_Task prompt:_ In the material below, the required lines run from the one containing "2018 LYNK&CO 03" through the one containing "Еротски видео цхат sladost1975". Copy those lines exactly, ends included, and nothing else.
═══ Data supplied ═══
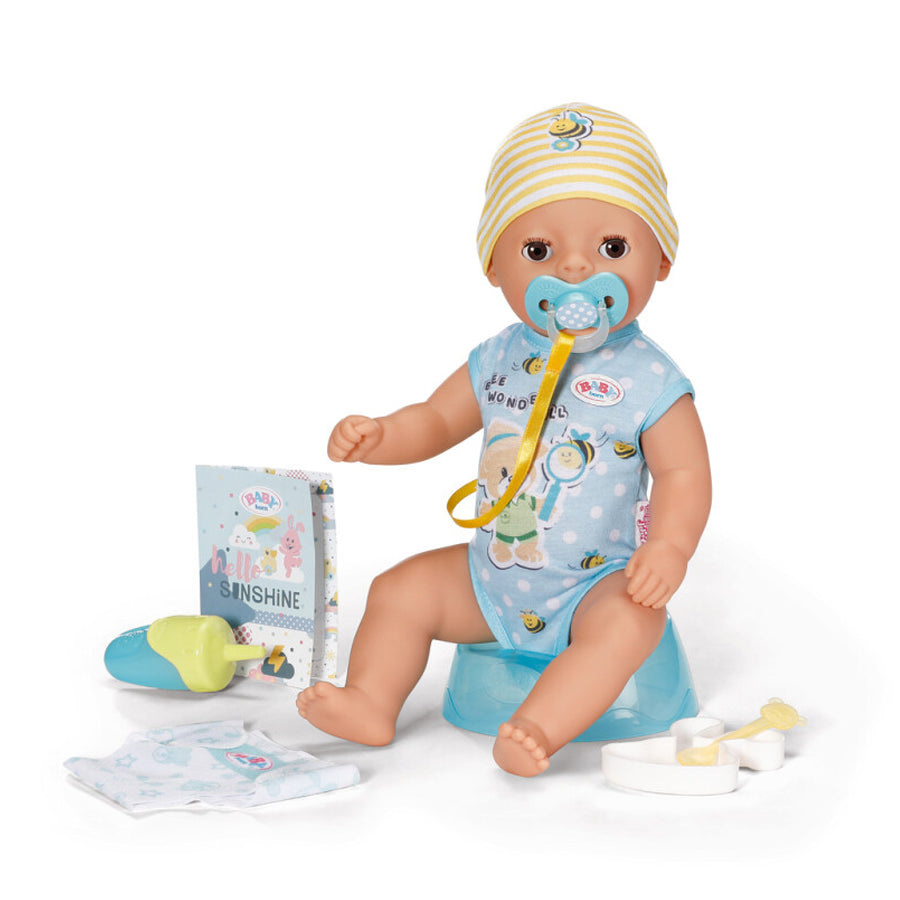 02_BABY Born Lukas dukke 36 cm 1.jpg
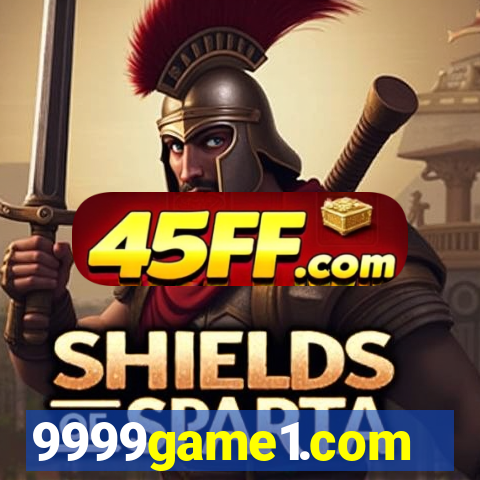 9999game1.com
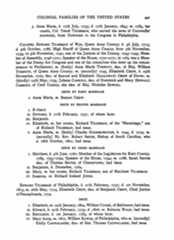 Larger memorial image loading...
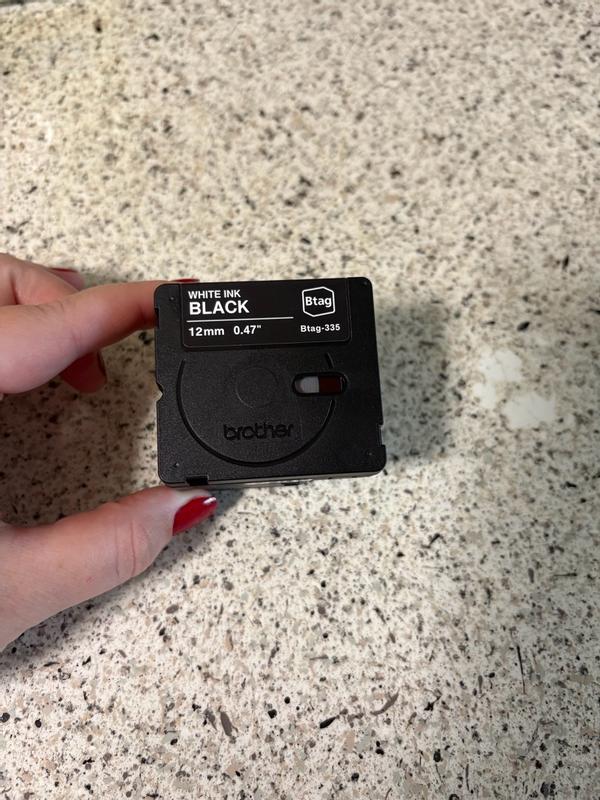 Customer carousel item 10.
═══
═══ Data supplied ═══
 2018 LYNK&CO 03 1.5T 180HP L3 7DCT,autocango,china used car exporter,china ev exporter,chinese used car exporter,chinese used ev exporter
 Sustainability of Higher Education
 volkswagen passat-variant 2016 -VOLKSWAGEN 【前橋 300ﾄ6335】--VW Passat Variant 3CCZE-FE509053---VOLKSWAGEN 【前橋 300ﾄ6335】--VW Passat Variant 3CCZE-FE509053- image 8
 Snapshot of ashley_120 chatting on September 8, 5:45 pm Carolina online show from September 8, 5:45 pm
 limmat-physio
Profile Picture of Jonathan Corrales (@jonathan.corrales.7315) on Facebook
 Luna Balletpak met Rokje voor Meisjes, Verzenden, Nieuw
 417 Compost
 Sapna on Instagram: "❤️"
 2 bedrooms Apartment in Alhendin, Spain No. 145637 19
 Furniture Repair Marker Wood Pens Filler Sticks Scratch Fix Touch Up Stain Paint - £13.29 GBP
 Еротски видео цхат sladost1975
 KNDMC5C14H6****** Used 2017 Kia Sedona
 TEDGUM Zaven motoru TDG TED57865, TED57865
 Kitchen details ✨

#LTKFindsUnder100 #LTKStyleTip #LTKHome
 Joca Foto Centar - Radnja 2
═══
_Reply:_
 2018 LYNK&CO 03 1.5T 180HP L3 7DCT,autocango,china used car exporter,china ev exporter,chinese used car exporter,chinese used ev exporter
 Sustainability of Higher Education
 volkswagen passat-variant 2016 -VOLKSWAGEN 【前橋 300ﾄ6335】--VW Passat Variant 3CCZE-FE509053---VOLKSWAGEN 【前橋 300ﾄ6335】--VW Passat Variant 3CCZE-FE509053- image 8
 Snapshot of ashley_120 chatting on September 8, 5:45 pm Carolina online show from September 8, 5:45 pm
 limmat-physio
Profile Picture of Jonathan Corrales (@jonathan.corrales.7315) on Facebook
 Luna Balletpak met Rokje voor Meisjes, Verzenden, Nieuw
 417 Compost
 Sapna on Instagram: "❤️"
 2 bedrooms Apartment in Alhendin, Spain No. 145637 19
 Furniture Repair Marker Wood Pens Filler Sticks Scratch Fix Touch Up Stain Paint - £13.29 GBP
 Еротски видео цхат sladost1975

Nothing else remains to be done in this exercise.